» **EXERCISE**:
This exercise calls for every record to be returned exactly, with pictures removed.

» **EXERCISE INPUTS**:
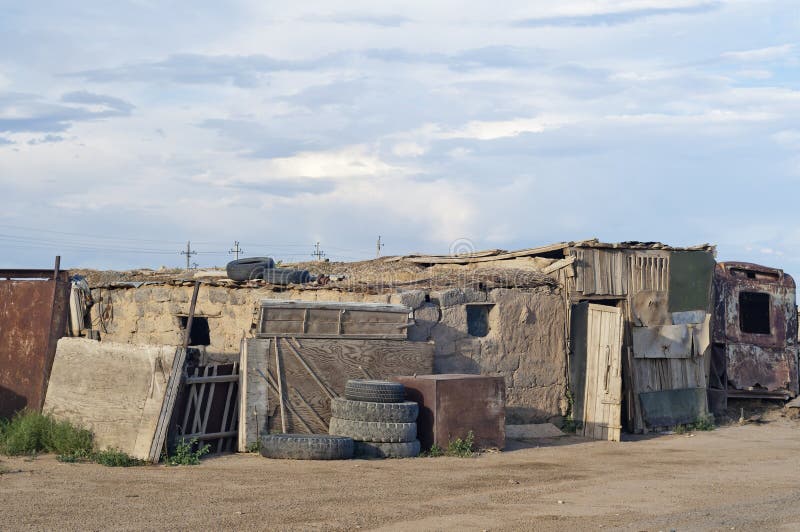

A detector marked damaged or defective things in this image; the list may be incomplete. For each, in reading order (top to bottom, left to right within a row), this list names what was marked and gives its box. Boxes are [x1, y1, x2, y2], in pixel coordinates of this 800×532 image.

rusty vehicle body [0, 258, 69, 420]
rusty iron gate [0, 258, 70, 420]
rusty vehicle body [716, 262, 796, 400]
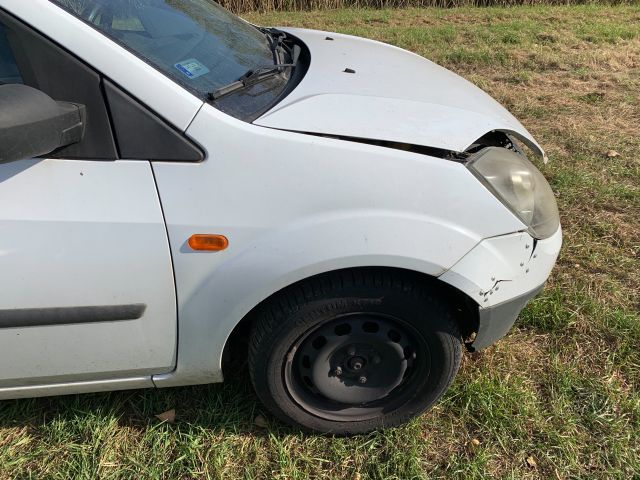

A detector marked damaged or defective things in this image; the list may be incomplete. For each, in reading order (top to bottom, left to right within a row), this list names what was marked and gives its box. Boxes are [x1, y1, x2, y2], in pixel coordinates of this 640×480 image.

broken headlight [464, 144, 560, 238]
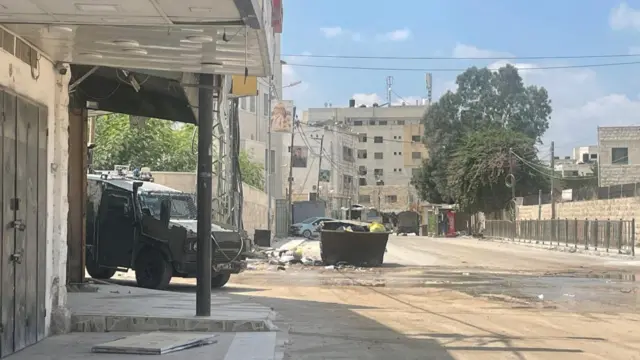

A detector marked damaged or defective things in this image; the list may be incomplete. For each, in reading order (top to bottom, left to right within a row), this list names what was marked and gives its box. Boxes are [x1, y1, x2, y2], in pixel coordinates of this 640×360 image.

peeling paint wall [0, 33, 70, 334]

» **SOLUTION TO THIS TASK**:
A detector marked damaged or defective things in this image; the list may be incomplete. For each, in reading order (top to bottom, left to right within a row), this list names what was marked and gives its box. Boxes are [x1, y1, x2, y2], in pixel coordinates of this 800×532 image.

rusty vehicle body [0, 258, 69, 420]
rusty iron gate [0, 258, 70, 420]
rusty vehicle body [716, 262, 796, 400]

A detector marked damaged or defective things in this image; the list may be incomplete. For each, in reading order (top to bottom, left to right within a row), this list names what was marked and gives its box. Boxes are [x1, y1, x2, y2], in pixel coordinates of this 640×480 image.

broken headlight [464, 144, 560, 238]

A detector marked damaged or defective things in this image; the list may be incomplete. For each, in reading order (top to bottom, left to right within a row), this list names what was marked and gives its box. Boxes are [x1, y1, x2, y2], in pixel coordinates of this 640×360 image.

peeling paint wall [0, 33, 70, 334]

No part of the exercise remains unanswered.